INSTRUCTIONS TO FOLLOW
The line containing "KACO SKY II" marks the end: copy exactly every line from the start of the records below up to and including it, leaving out pictures.
***
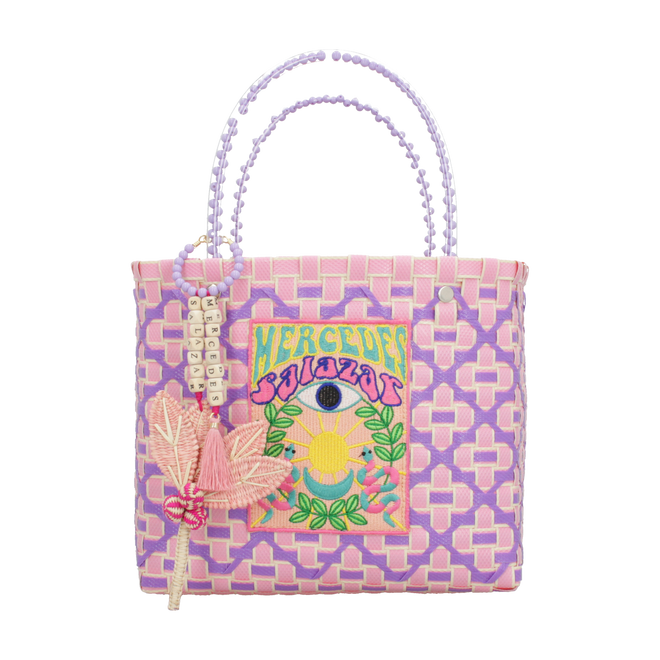 Eye See You Zuncho Bag Medium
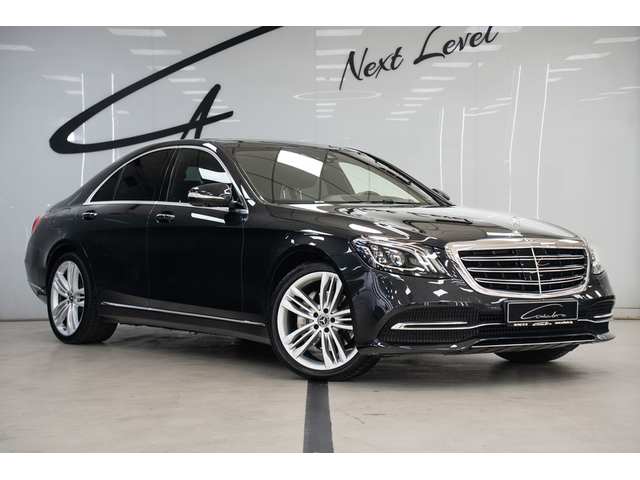 Mercedes-Benz W150 S350d 4Matic Facelift - автомобили, коли, обяви за нови и употребявани 2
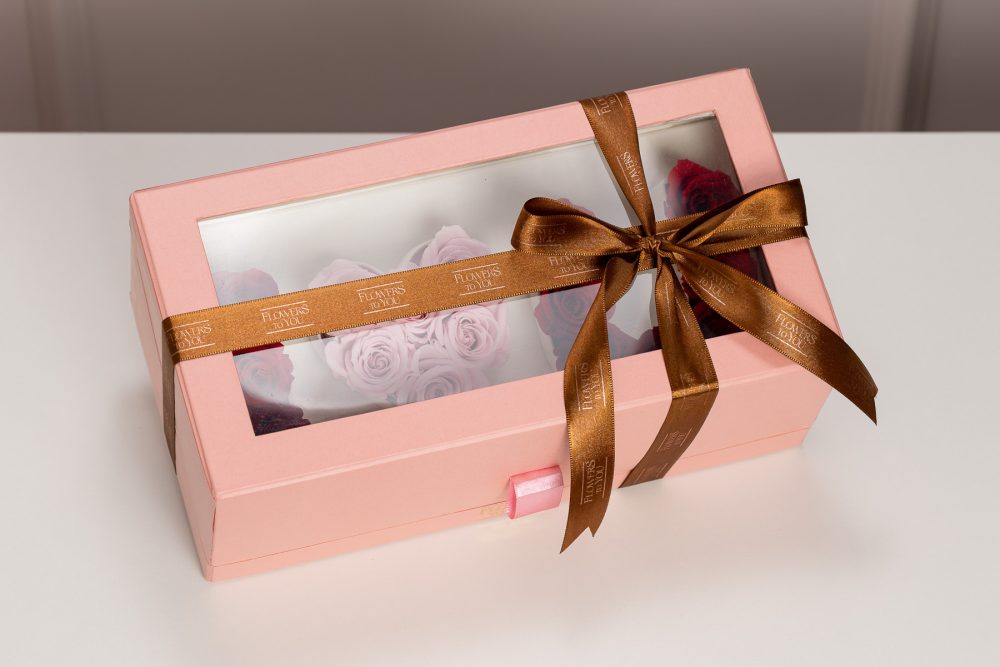 Flower Box I Love U – All Red - Imagem 7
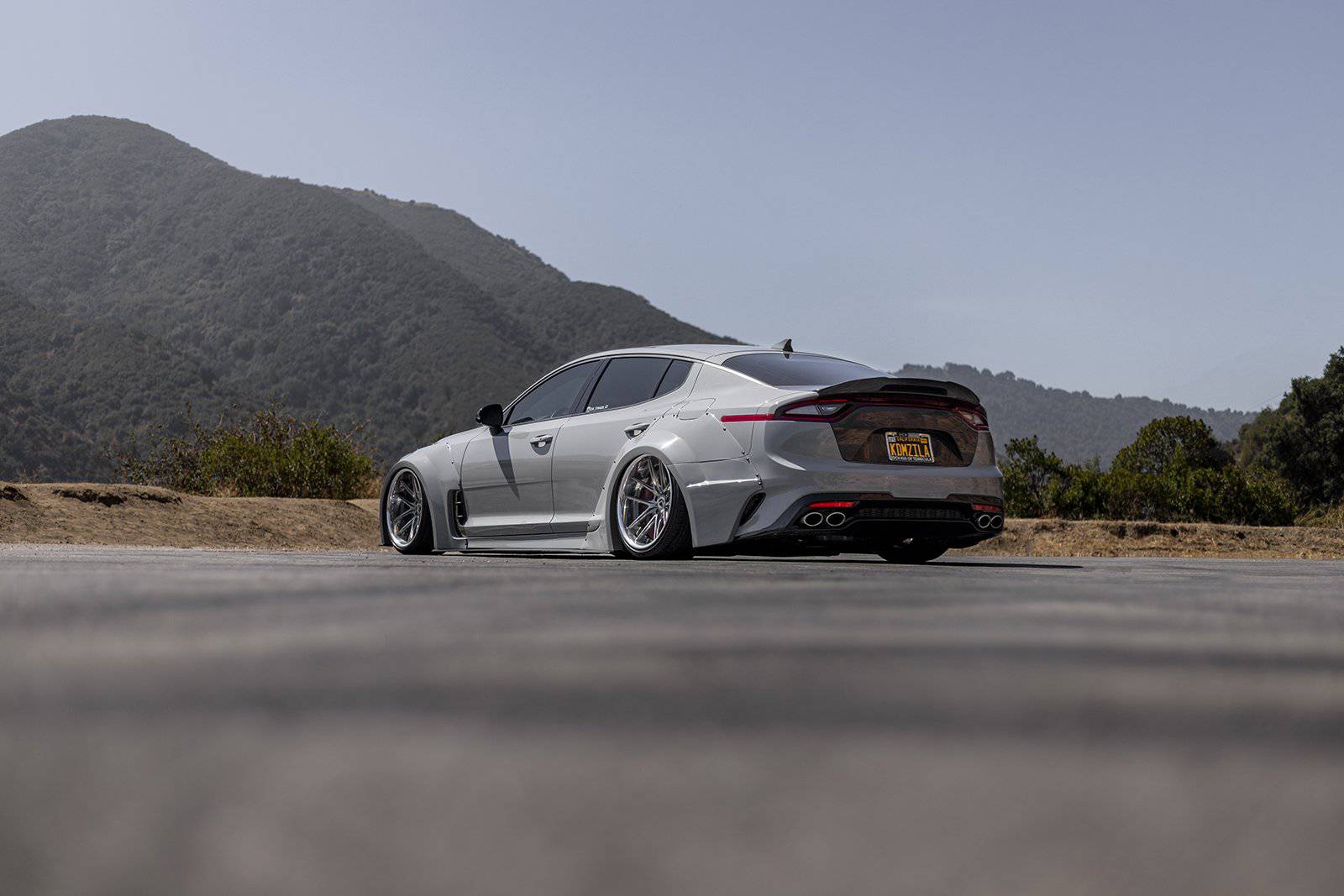 KIA STINGER WIDEBODY COMPLETE KIT - Image 3
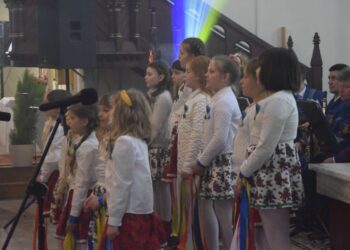 Charytatywny koncert dla Ukrainy!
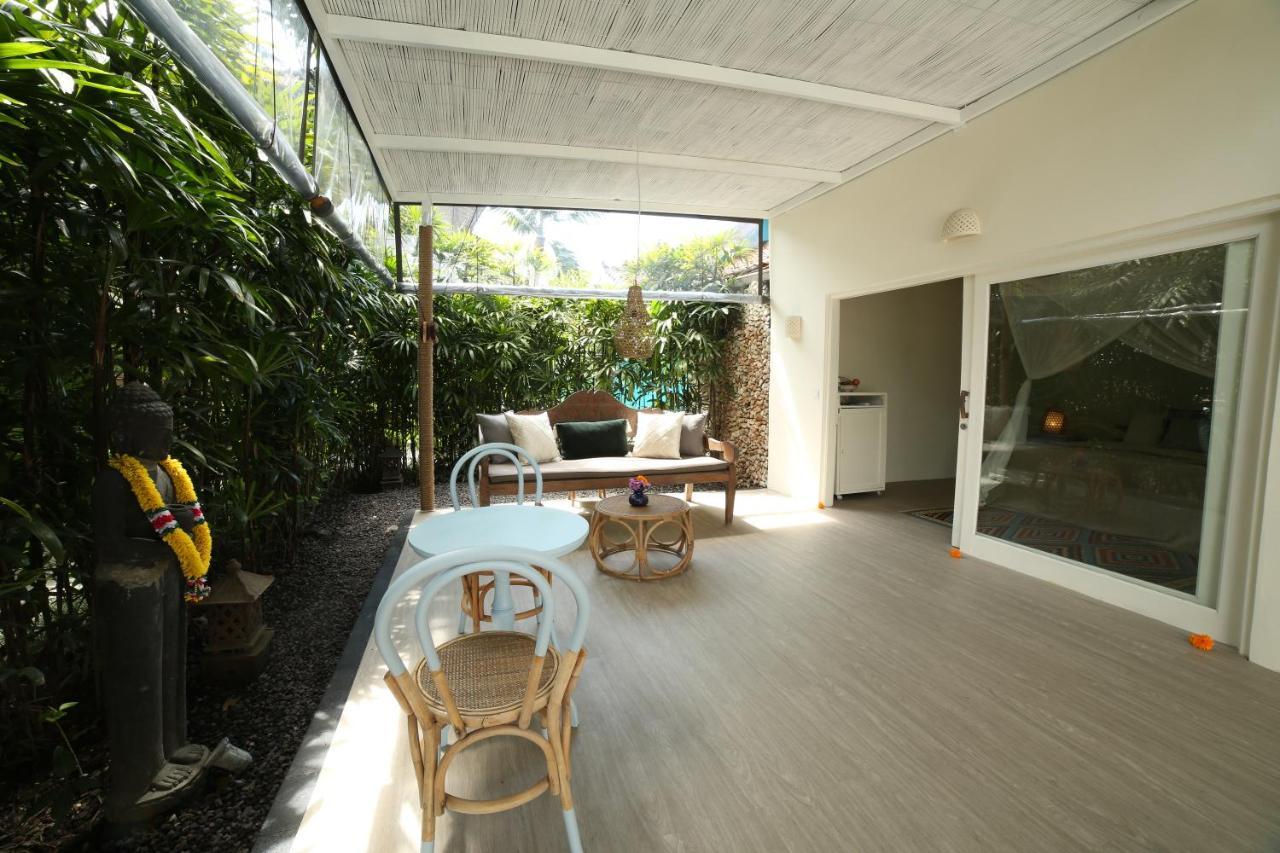 The Chillhouse Canggu By Bvr Bali Holiday Rentals Eksteriør billede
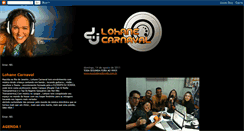 Desktop Screenshot of djlohanecarnaval.blogspot.com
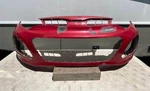 2013-2015 Kia Rio Hatchback Front Bumper Oem 86511-1W200 ( Local Pickup Only ). Fixed Price $63.75.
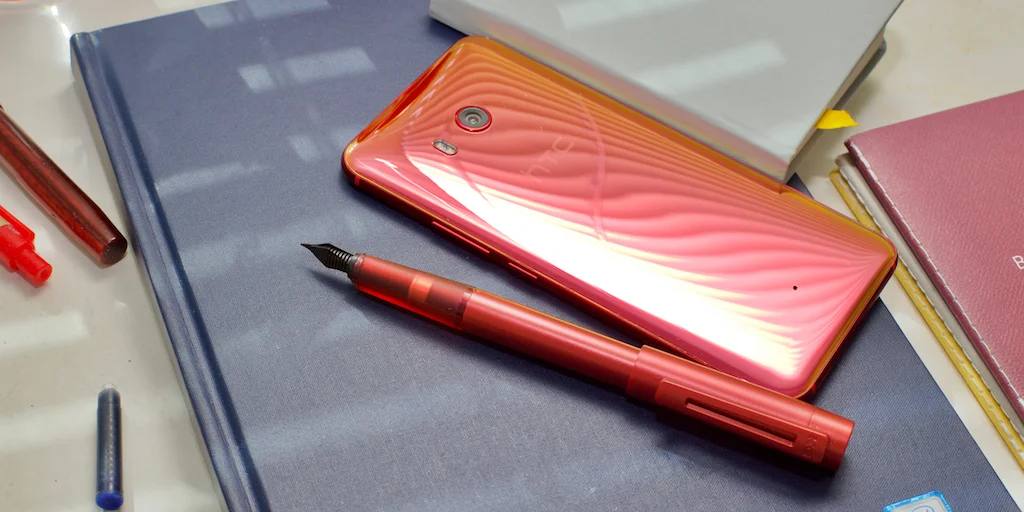 KACO SKY II Fountain Pen Review — The Pen Addict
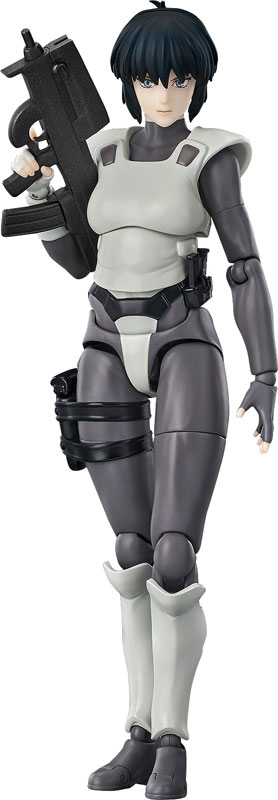 Hyper Body GHOST IN THE SHELL / Ghost in the Shell Motoko Kusanagi (Simple Armored Suit Ver.)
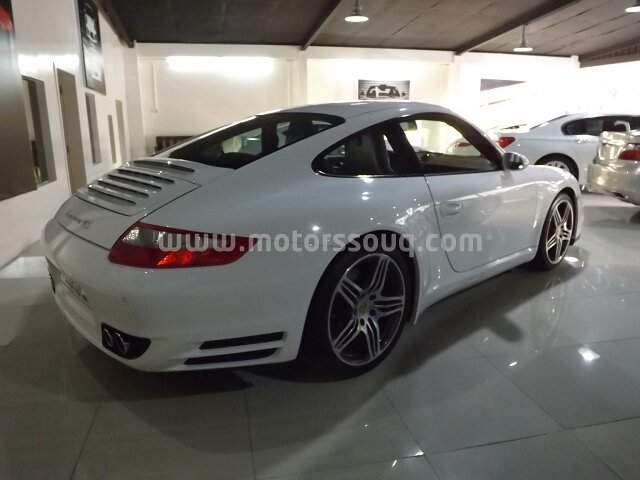 2006 Porsche Carrera S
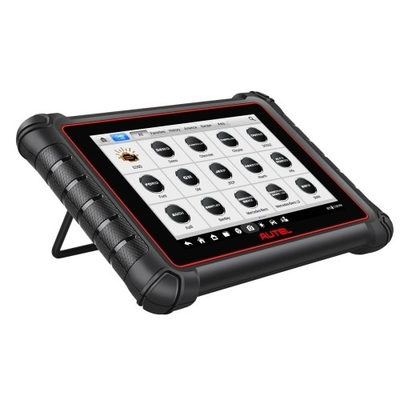 2025 Autel MaxiCOM MK900BT MK900-BT Bidirectional Diagnostic Scanner Update of MX900 MK808BT MK808S CAN-FD&DOIP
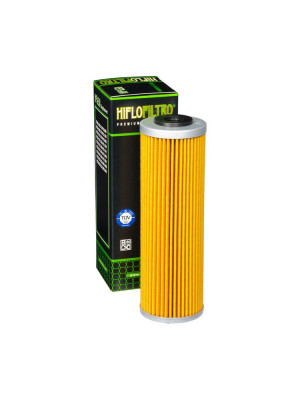 FILTR OLEJU HIFLO HF650
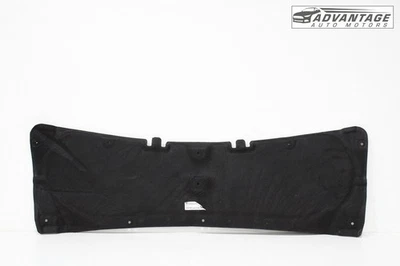 2022-2025 NISSAN PATHFINDER ПЕРЕДНИЙ КАПОТ КАПОТА ИЗОЛЯЦИОННАЯ ПРОКЛАДКА 65840-6TA0A OEM - Изображение 1 из 4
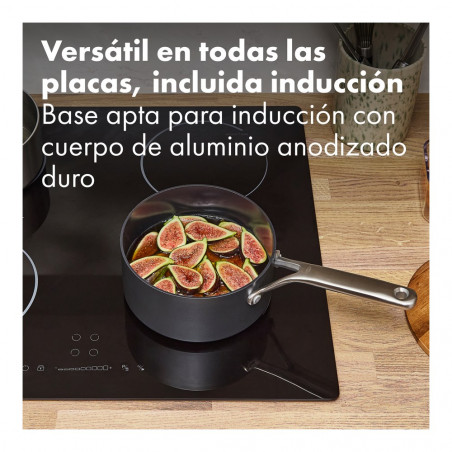 Conjunto de 2 caçarolas cerâmicas com tampa OXO Ceramic Professional 16 e 18 cm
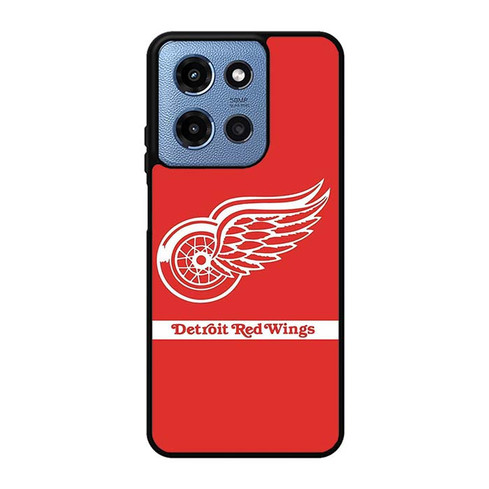 Detroit Red Wings 02 Motorola Moto G 5G 2025 Case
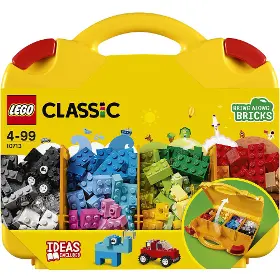 Stavebnice - LEGO ® 10713 Kreatívny kufrík - 6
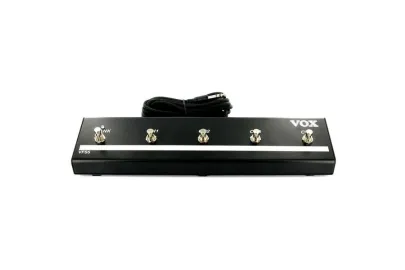 Vox VFS5 Footswitch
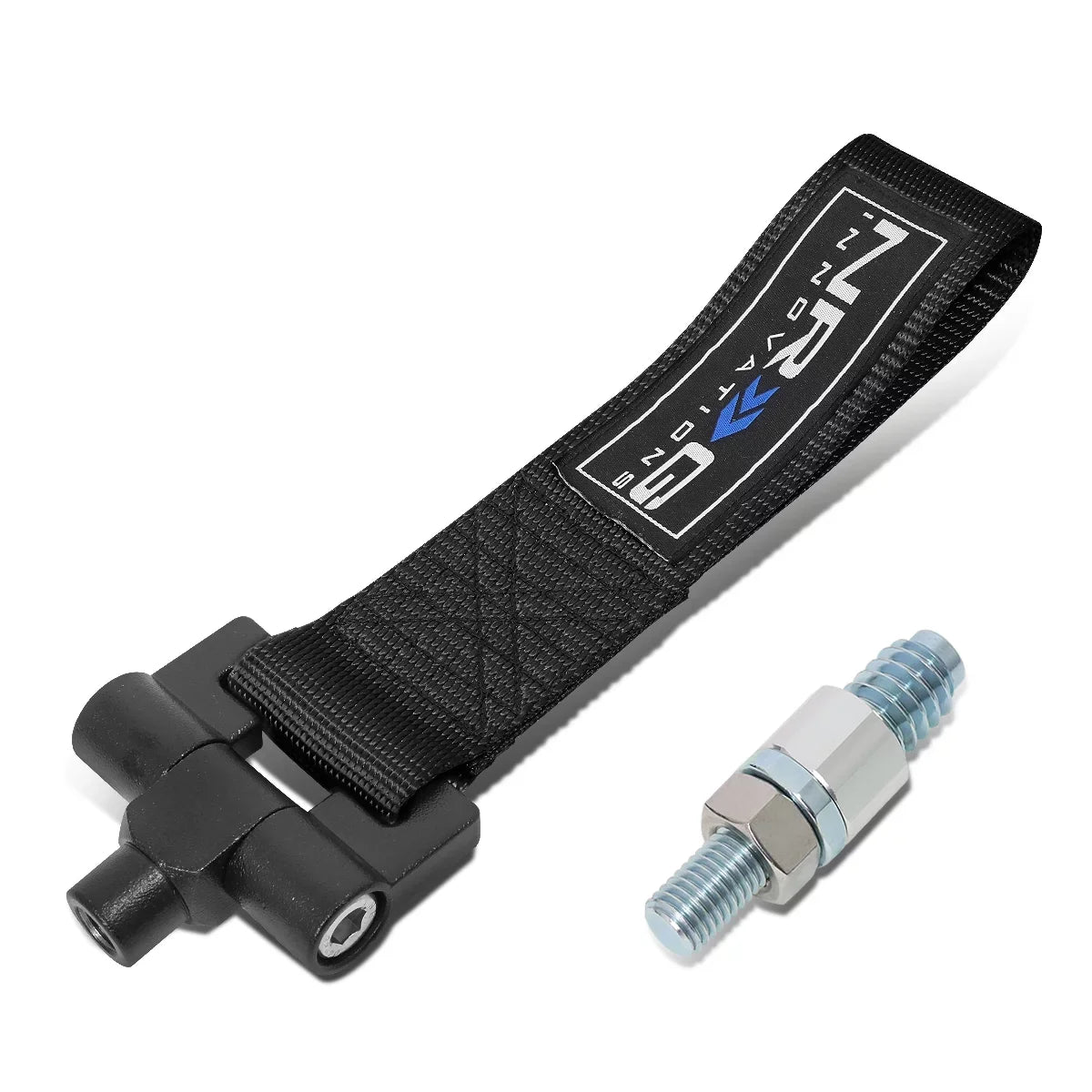 Innovations --  Innovations - For 1984 to 1992   318i 318is 325e 325i 325is 325ix 635csi  Racing Tow Hook Strap Belt 85 86 87 88 89 90 91 92 93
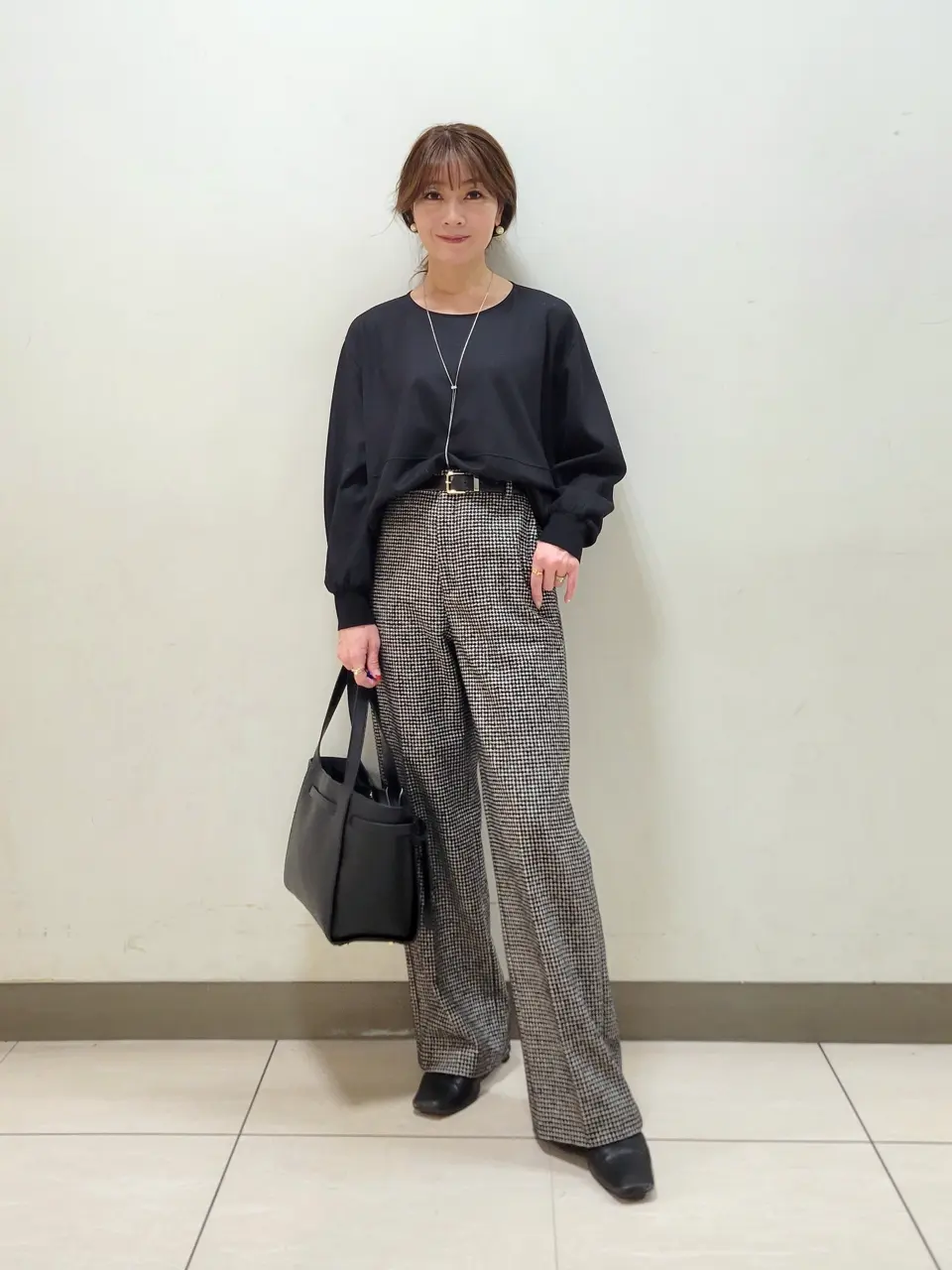 23区 濱地 コーディネート画像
***
REPLY TO THE EXERCISE
 Eye See You Zuncho Bag Medium
 Mercedes-Benz W150 S350d 4Matic Facelift - автомобили, коли, обяви за нови и употребявани 2
 Flower Box I Love U – All Red - Imagem 7
 KIA STINGER WIDEBODY COMPLETE KIT - Image 3
 Charytatywny koncert dla Ukrainy!
 The Chillhouse Canggu By Bvr Bali Holiday Rentals Eksteriør billede
 Desktop Screenshot of djlohanecarnaval.blogspot.com
 2013-2015 Kia Rio Hatchback Front Bumper Oem 86511-1W200 ( Local Pickup Only ). Fixed Price $63.75.
 KACO SKY II Fountain Pen Review — The Pen Addict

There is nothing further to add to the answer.